Building Stronger

Most of the damage and debris in Joplin has long since been cleaned up, but a few houses still stand in their wrecked condition, a jumble of ruined structures and abandoned possessions. Here, a piano sits amid splintered framing in an older neighborhood near the high school.

An underfloor crawl space is described as a “safe area” in tornado preparedness literature. However, the risk is still substantial for homeowners who seek refuge in any hiding place in a typical older house. Here, the block foundation has been shattered and the floor has fallen down; upstairs rooms were mostly completely destroyed. An engineered safe room or tornado shelter is far more reliable as a refuge than any part of a conventionally built wood house.

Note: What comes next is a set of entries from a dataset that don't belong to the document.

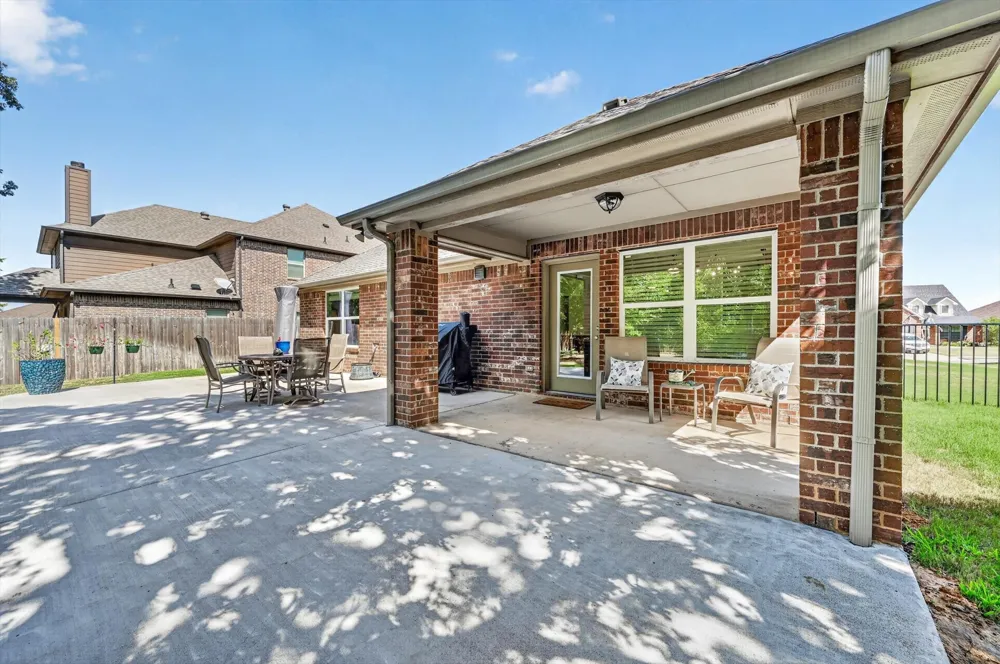 1026 Saint Andrews Drive Burleson, TX 76028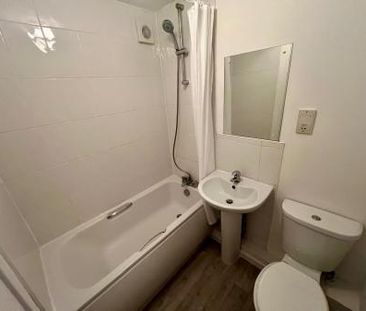 Tenterden Crescent, Kents Hill, Milton Keynes, MK7 - Photo 3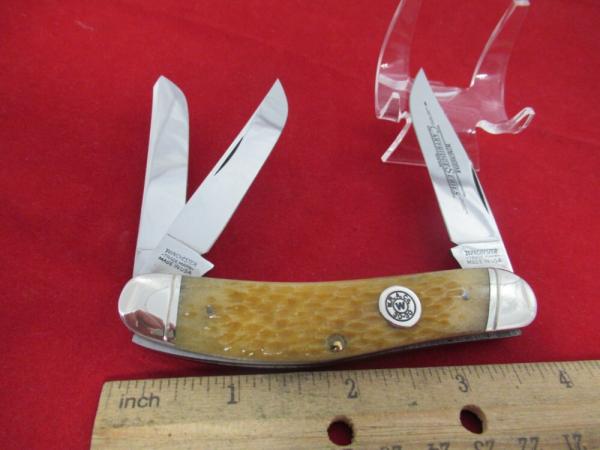 Winchester 1995 Honey Bone 3 Blade Sowbelly Pattern 39049 Winchester 1995 Honey Bone 3 Blade Sowbelly Pattern 39049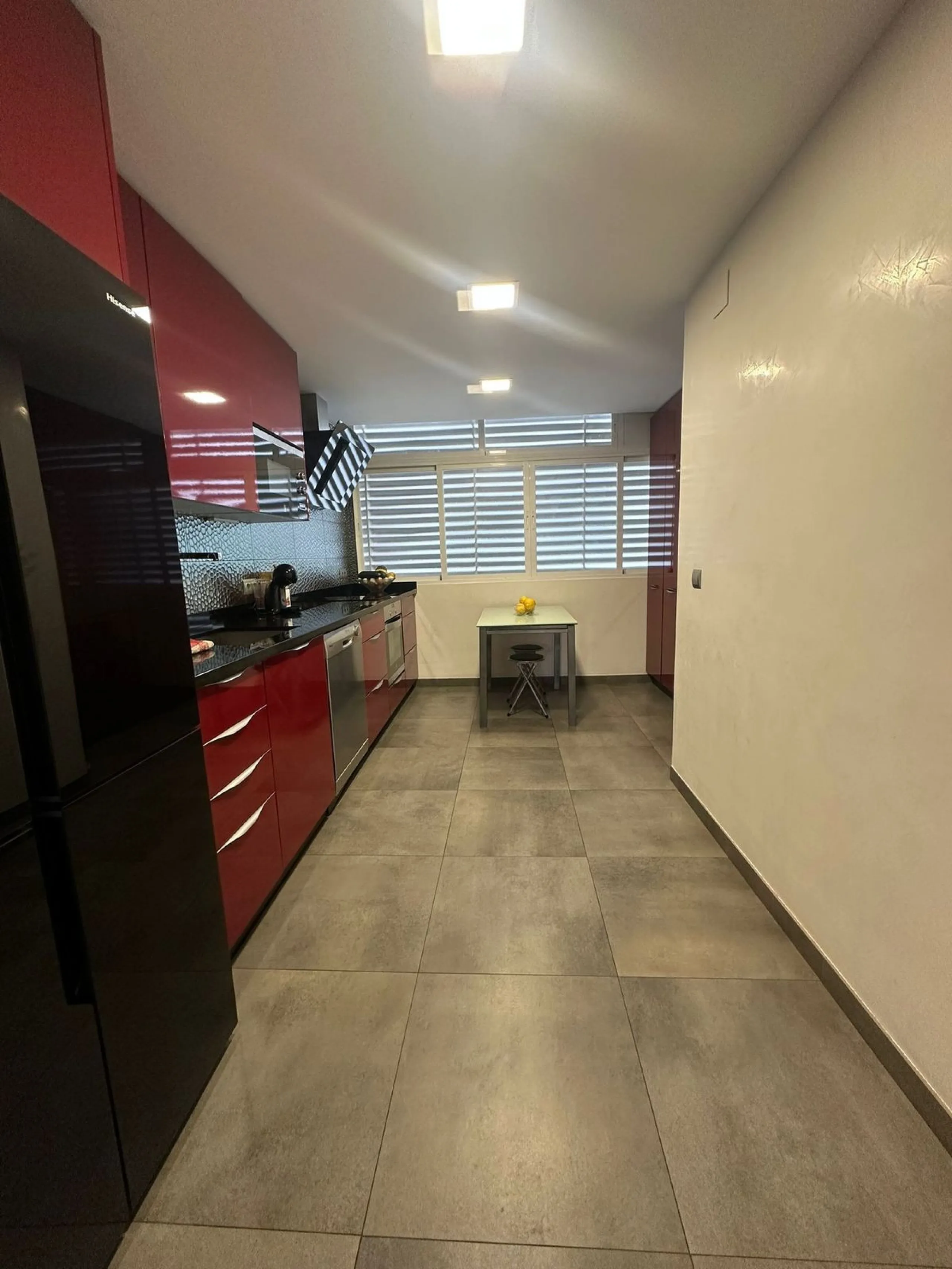 Nueva Andalucía, within the heart of the golf valley, this spacious three bedroom apartment is within walking distance to many local amenities and restaurants and just a short drive to Puerto Banus marina with its many designer shops and restaurants and a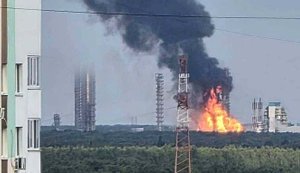У РФ після атаки дронів зупинився найбільший нафтохімічний комплекс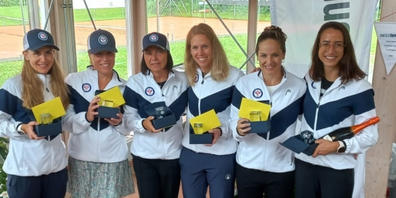 Rita Zenunaj (3.v.l.) und der TC Bonaduz durften zum wiederholten Male den Pokal entgegennehmen.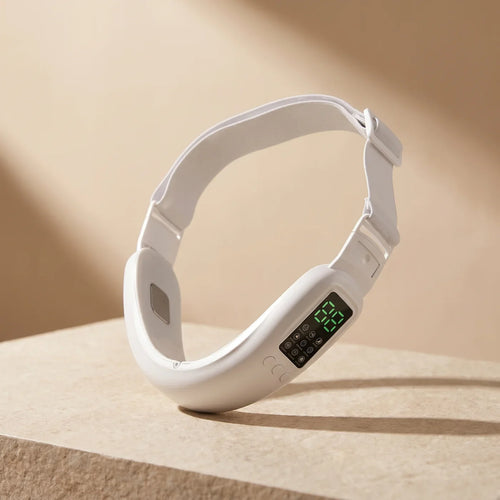 Definaire band on warm stone, clean product still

The majority of the first story framed walls and the roof of this commercial structure, a dentist office built only two years earlier, remained standing after the tornado. Many nearby older buildings collapsed, with significant loss of life. This structure was built to a more modern code edition and included structural elements required by the commercial building code, including steel connectors at every roof truss to wall connection.

A rusted strap shows where the connection between a window unit and the rough opening failed during the storm. All the windows in this structure, a dentist office, were blown in during the tornado, making the interior space unsafe and likely unsurvivable. The office was closed on the Sunday evening when the storm struck.

Collapsed gable trusses on a bump-out section of the dentist’s office on South Jackson Street in Joplin. An improved truss bracing system in this building element might have allowed this assembly to withstand the storm.

Toenails, as well as the nails in the steel connector tying this truss to the bearing wall, failed in withdrawal during the storm. Ring-shank nails or threaded fasteners might have been sufficient to prevent the failure of this connection. However, engineers generally agree that it is impractical to design wood-frame structures to resist the wind force in an F-3, F-4, or F-5 tornado.

A concrete in-ground shelter outside a new building in Joplin. Buried tornado shelters offer the advantage of protection by the earth. However, they have the disadvantage that the resident needs to leave the home and risk the severe conditions outdoors in order to enter the shelter.